Magnetic dipole moment - It represents the strength of the magnet. Mathematically it is defined as
the product of the strength of either pole and effective length.

i.e for the below figure  $\vec{M}=m L=m(2 l)$

It is a vector quantity directed from south to north.

This is analogous to electrical dipole moment which was given by $\vec{P}=q L$

And using this analogy we can calculate

• The magnetic field on Axial Position of a bar magnet-

        For $r \gg a \Rightarrow B_{\text {axial }}=\frac{\mu_o 2 M}{4 \pi r^3}$

• Magnetic Field at the equatorial position of a magnet-

$$
B_e=\frac{\mu_o}{4 \pi} \frac{M}{\left(r^2+a^2\right)^{\frac{3}{2}}}
$$

And for For $r \gg a \quad \Rightarrow B_e=\frac{\mu_o M}{4 \pi r^3}$
Magnetic Field at any general point due to bar magnet

$$
B_g=\frac{\mu_o}{4 \mu} \frac{M}{r^3} \sqrt{3 \cos ^2 \Theta+1}
$$
 

Solenoid-

The solenoid is defined as a cylindrical coil of many tightly wound turns of insulated wire with generally diameter of the coil smaller than its length. 

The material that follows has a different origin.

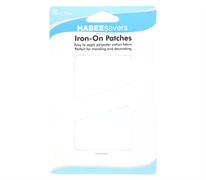 Iron-On Patches - WHITE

Bar magnet as an equivalent solenoid-

By calculating the axial field of a finite solenoid carrying current and equating it with the magnetic field of bar magnet we can demonstrate a Bar magnet as an equivalent solenoid.

For the above figure

Let $\mathrm{n}=$ number of turns per unit length $\frac{N}{L}$
whrere, $\mathrm{N}=$ total number of turns,

$$
L=2 l=\text { length of the solenoid }
$$

We will take an elemental circular current-carrying loop of thickness $d x$ and radius $R$ at a distance $x$ from the center of the So the number of turns per unit length for the elemental loop will be $n=\frac{N}{d x}$

And the magnetic field at point P due to an elemental loop is given as

$$
d B=\frac{\mu_0(n d x) I R^2}{2\left\{(r-x)^2+R^2\right\}^{3 / 2}}
$$

for $r \gg R$ and $r \gg x$

$$
d B=\frac{\mu_0(n d x) I R^2}{2 r^3}
$$
 

Integrating x from $-l$ to $+l$ we get the magnitude of the total field as

$$
B=\int_{-l}^l \frac{\mu_0 n I R^2}{2 r^3} d x=\frac{\mu_0 n I R^2}{2 r^3} \int_{-l}^l d x=\frac{\mu_0 n I R^2}{2 r^3} *(2 l)
$$

Now divide and multyply by $\pi$

$$
\Rightarrow \vec{B}=\frac{\mu_0(n 2 l) I \pi R^2}{2 \pi r^3}
$$

Using $N=n(2 l)$
we get $\vec{B}=\frac{\mu_0 N I \pi R^2}{2 \pi r^3}$
Now if we consider above solenoid as a Bar magnet then its dipole moment is given by $\vec{M}=N I A$

Now using $A=\pi R^2$ we can write

$$
\vec{B}=\frac{\mu_0 N I A}{2 \pi r^3}=\frac{\mu_0 \vec{M}}{2 \pi r^3}=\frac{2 \mu_0 \vec{M}}{4 \pi r^3}
$$

$\vec{B}=\frac{2 \mu_0 \vec{M}}{4 \pi r^3}$ This is equivalent to the magnetic field on the Axial Position of a bar magnet.